RAW DATA

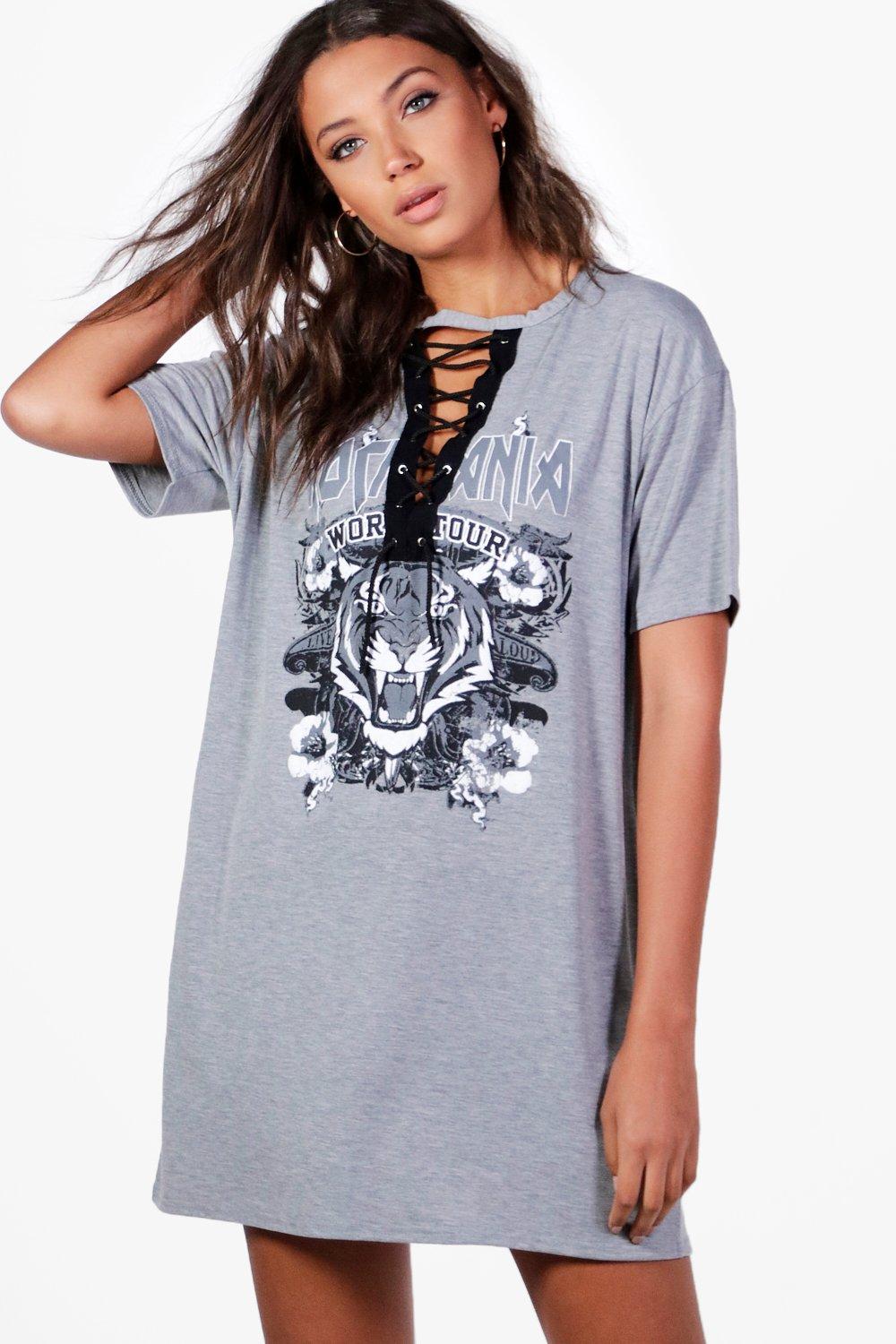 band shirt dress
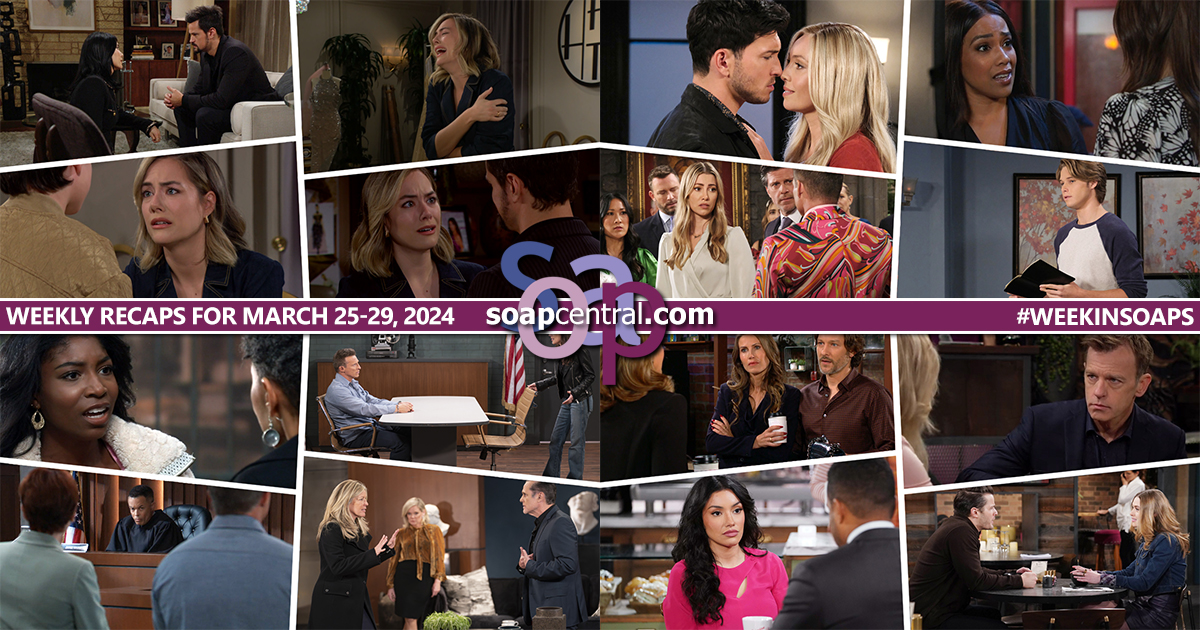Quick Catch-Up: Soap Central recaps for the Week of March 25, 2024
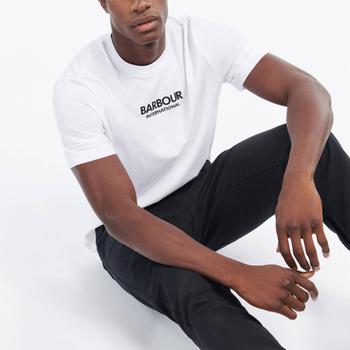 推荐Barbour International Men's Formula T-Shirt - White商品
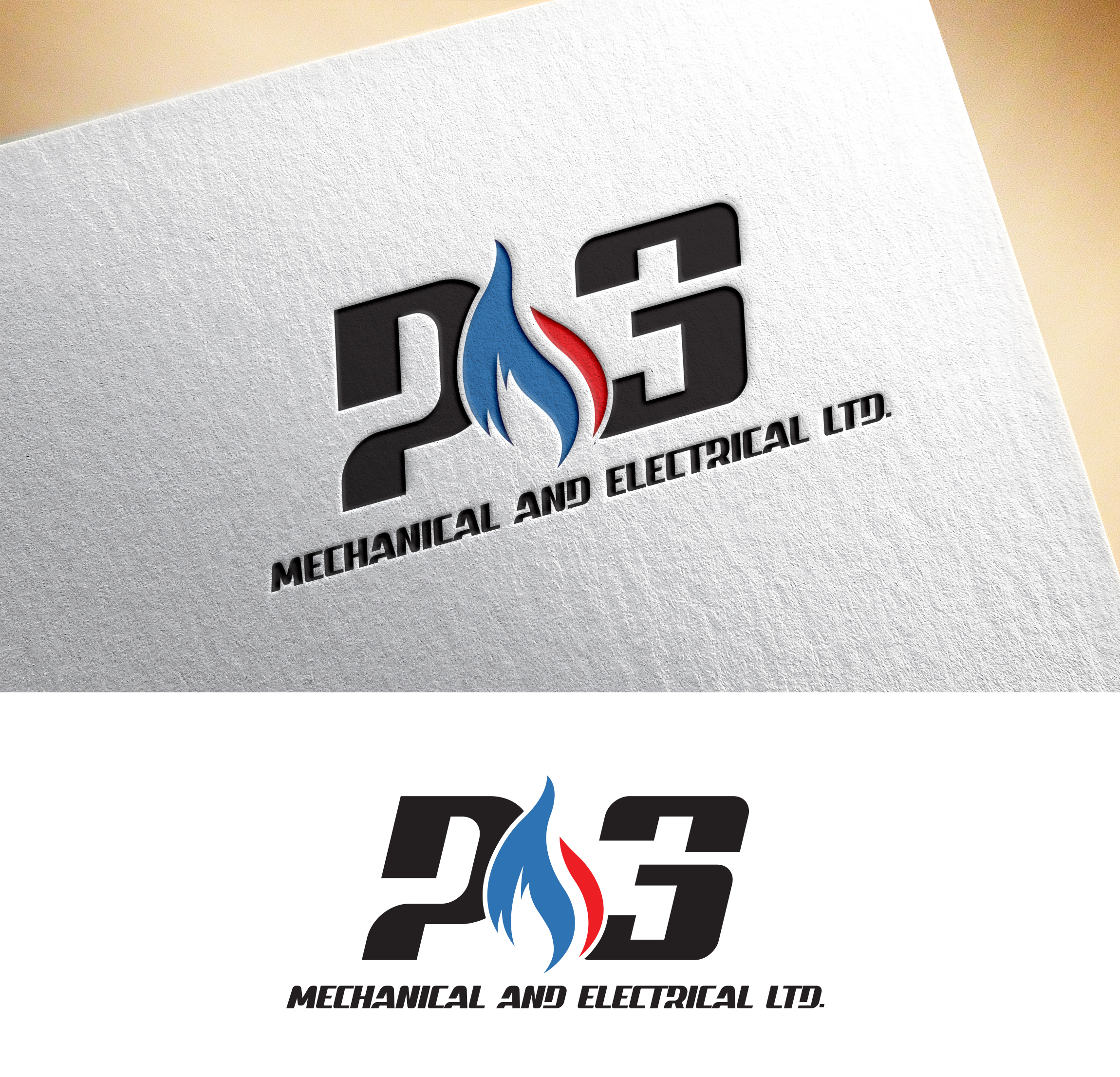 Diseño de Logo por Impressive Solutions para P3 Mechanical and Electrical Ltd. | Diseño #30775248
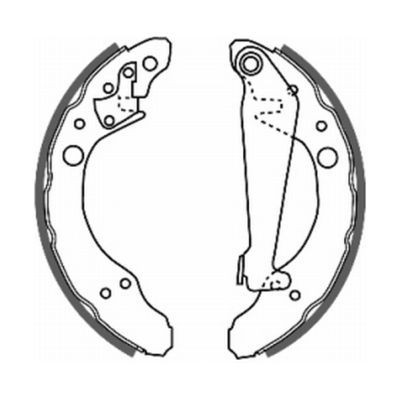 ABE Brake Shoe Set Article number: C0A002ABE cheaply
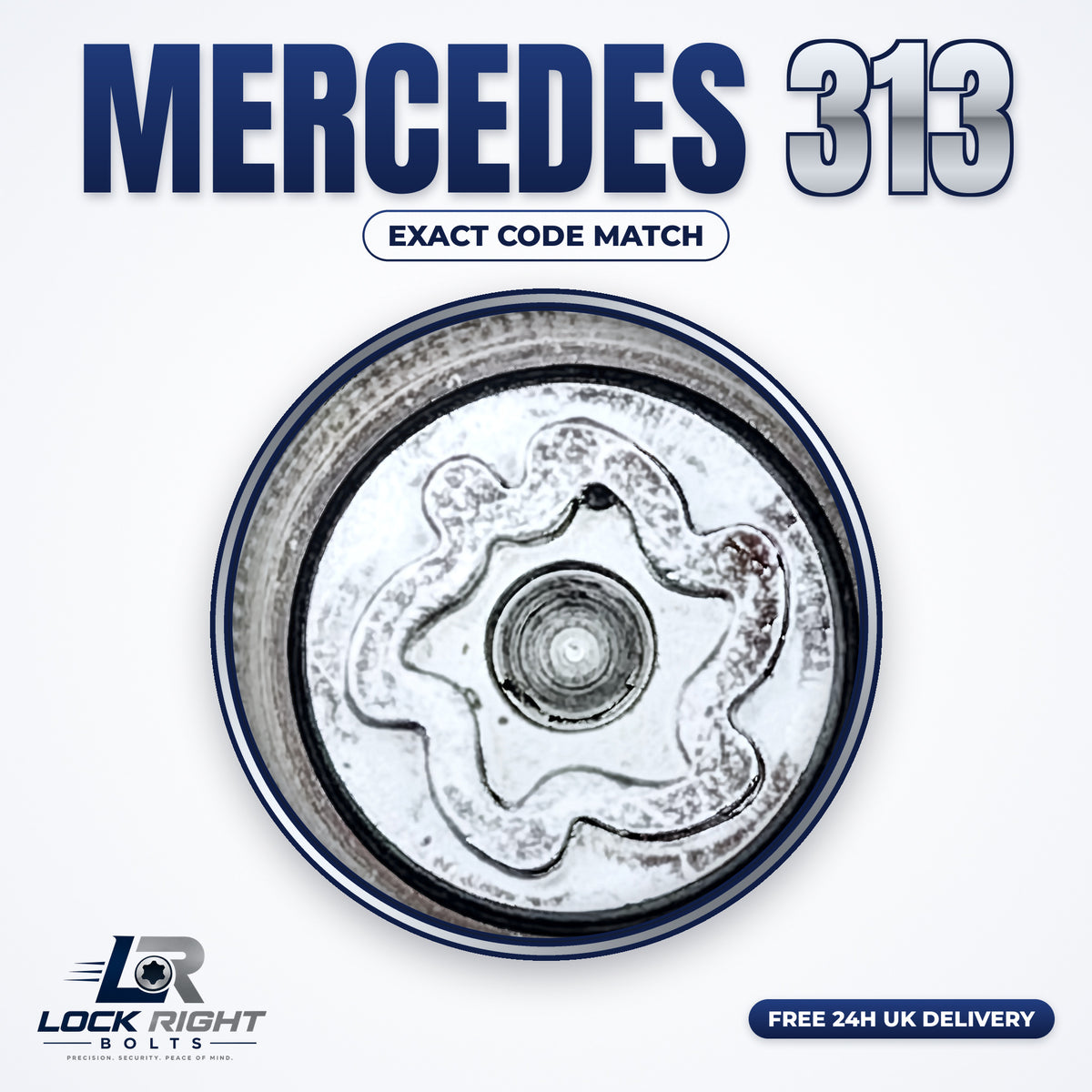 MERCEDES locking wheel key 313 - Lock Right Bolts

TASK ITEM
Could you repeat word for word only the lines from the one that contains "Diseño de Logo" through the end of the listing, leaving out the pictures?

SOLVED EXERCISE
 Diseño de Logo por Impressive Solutions para P3 Mechanical and Electrical Ltd. | Diseño #30775248
 ABE Brake Shoe Set Article number: C0A002ABE cheaply
 MERCEDES locking wheel key 313 - Lock Right Bolts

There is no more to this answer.